Hello Lyle,
Spot on summary. I have used silver solder for 50 years. I used to bind any joints with iron wire, but that isn't applicable here. Using the correct flux and heat source (I use oxy-acetylene) and good technique, I have never had a failure . I have broken joints in a pro test rig and you can see the flow of the silver bearing alloy. NEVER a dry joint. I silver solder model steam locomotive boilers, hence I have a good supply of expensive silver solders! On very rare occasions I have used ordinary brazing rod and the correct flux. This too gives rock solid brazes, although it doesn't flow quite as well as the silver alloys. Stay-brite type solders are not good enough for the job in most cases. It has far less strength than silver solder or braze and I have seen loco boilers develop bad leaks around the fire box foundation rings due to its use, by shall, we say, less than well informed people. A metallurgist friend of mine looked at these failed seams and declared they were stress cracks throughout the soldering medium. If it isn't good enough for boilers pressed to 120 pounds per square inch, then it isn't good enough for us!
A couple of silver soldering rods doesn't cost the earth and you do not use much per joint, bronze rod is even cheaper so it really isn't expensive to use to use. A Map cylinder will last forever in this application. Why on earth risk a valuable plane that you have spent a whole lot of time building, for a few dollars "saved"?

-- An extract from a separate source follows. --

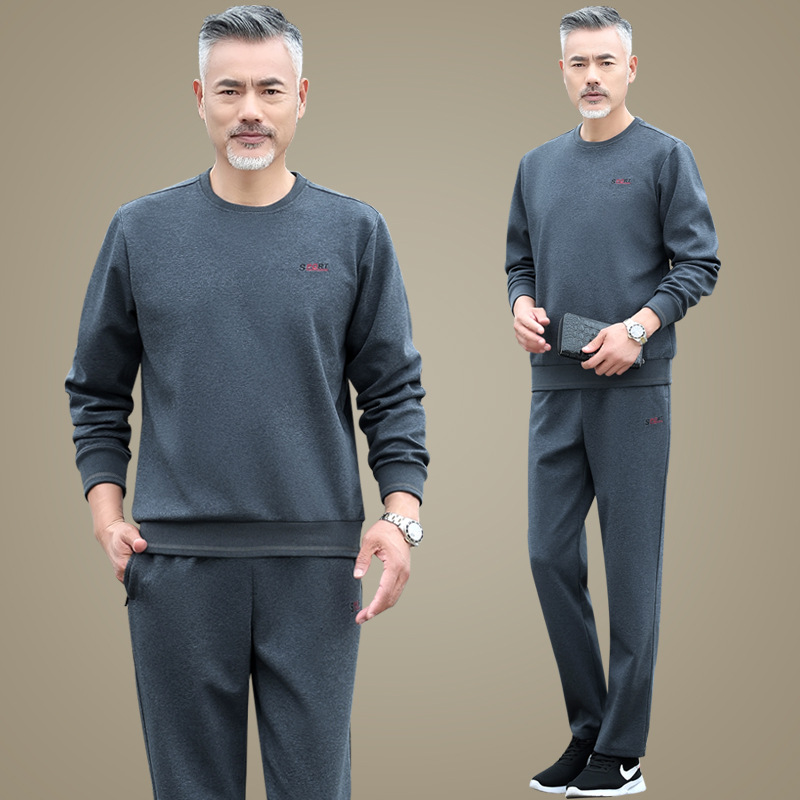 中老年运动套装男春秋季2022新款中年爸爸休闲装运动服男士两件套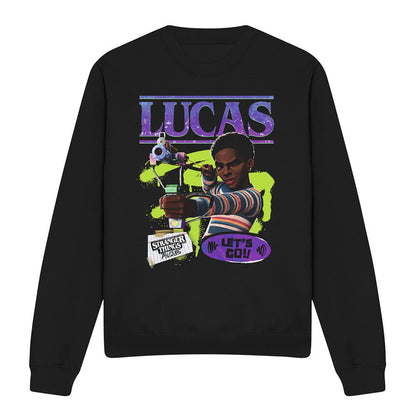 Black - Front - Stranger Things: Tales from ´85 Unisex Adult Lucas Sweatshirt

I get plenty of practice at silver soldering and you need to do a few practice joints before doing the real thing, as long as the solder flows well, you know you have got it right. Too much is made of the acid flux residues, you have to clean the flux off, because it makes the joint unsightly. I then dip the joint in a commercial degreasing solution (cleans engines too!). If it is a boiler, then I "pickle" it in an acid solution (usually dilute sulphuric acid). not worth bothering about for non copper items.
Andrew.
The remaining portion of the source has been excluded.